L.A. County Sheriff: Jim McDonnell
Of all of the candidate surveys returned to LACBC, none was more impressive than Jim McDonnell’s. And thankfully so. Clueless and negligent Sheriff’s Deputies have harassed bicyclists for commuting legally, incorrectly ticketed others, and killed Milt Olin. The department desperately needs a sweeping overhaul, and we’re convinced that Jim McDonnell has grown and learned from his years as Long Beach Police Chief sufficient to lead the County’s law enforcement in the right direction.
L.A. County Measure P, Park Funding: YES
We need funding for L.A. County parks. Backed by all of our favorite non-profits, including LACBC, Measure P will keep funding towards accessible open space for Angelenos: the kind that you can walk and bike to and within.

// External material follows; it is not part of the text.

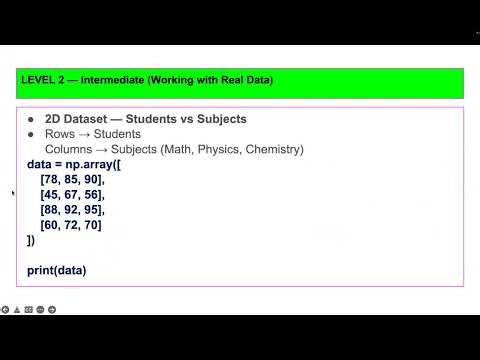 Data Normalization-Python Implementation| ZScore Log Scaling Mean & Abs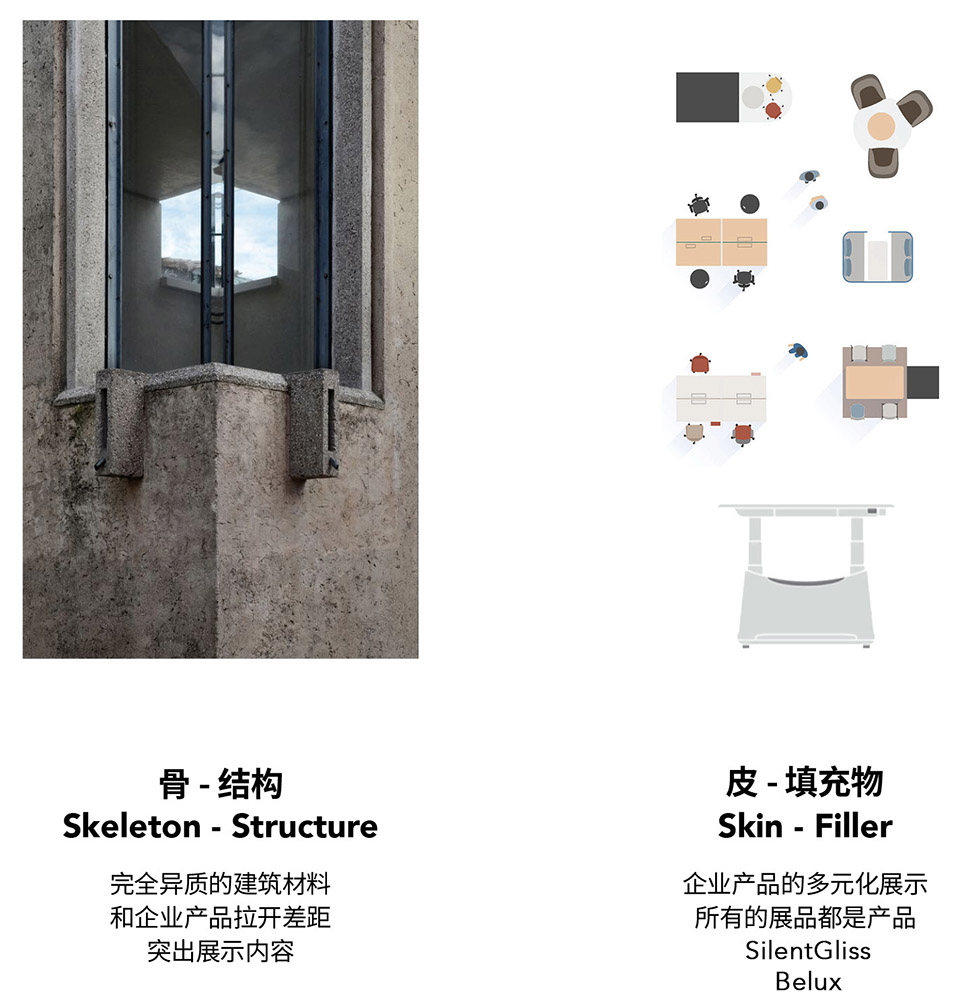 UFOU LAND ——UFOU & Slient Gliss & Belux 联合展厅丨中国上海丨趣月设计-15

Santa Monica City Council: Pam O’Connor
In their endorsement, the California Bicycle Coalition called Santa Monica Mayor Pam O’Connor “a powerful leader on sustainability and smart growth in Santa Monica and throughout Southern California.” We could not agree more, and are not the only ones, as she’s also backed by L.A. Mayor Garcetti, L.A. City Councilman Mike Bonin, Supervisor Zev Yaroslavsky, and Assemblyman Richard Bloom. She’s helped lead the way to Santa Monica being one of the only places in the County to comfortably commute by bike. She’s been a powerful voice for livable streets on the Metro Board, at the Southern California Association of Governments, and elsewhere. She’s got the right mindset to keep Santa Monica moving forward and deserves your vote.
Santa Monica City Council: Frank Gruber
A daily bike commuter for over 10 years, a strong advocate for options in transportation, and a former City Planning Commissioner, Frank Gruber is the next strongest candidate in this field of 14, and well deserving of your vote. He’s focused on safe streets and healthy, affordable housing.
Santa Monica City Council: Michael Feinstein
We had a tough time picking our third endorsement among a number of bike-friendly allies, but Michael Feinstein edges out Nick Boles for his experience and long track record of working towards making Santa Monica the great biking city that it is (we love Kevin McKeown & Richard McKinnon for their work on bike lanes, but don’t agree with their take on development). Michael’s a regular rider of Santa Monica’s Critical Mass from the early years, and a longtime defender of bicyclist rights. We know that Michael will continue to do good work for Santa Monica.
Santa Monica Measure LC, Airport Local Control: YES
Bringing local control to the Santa Monica Airport is an important step towards building a more sustainable Santa Monica. Endorsed by Santa Monica Spoke and just about every local neighborhood council, we think this is the right move for the region.
Santa Monica Measure D, Airport Development: NO WAY
Completely deceptive in its language, this aviation lobby-authored measure purports to give residents a voice, but sets an insane threshold for residents to exercise it. Nice try, jerks.
Santa Monica Measures H & HH: YES
Everybody realizes how expensive Santa Monica is, and how housing costs are forcing many out of the area (which has a terrible effect on housing and gentrification across the County). These measures help to fund new affordable housing while protecting existing renters. Endorsed by Santa Monica Spoke.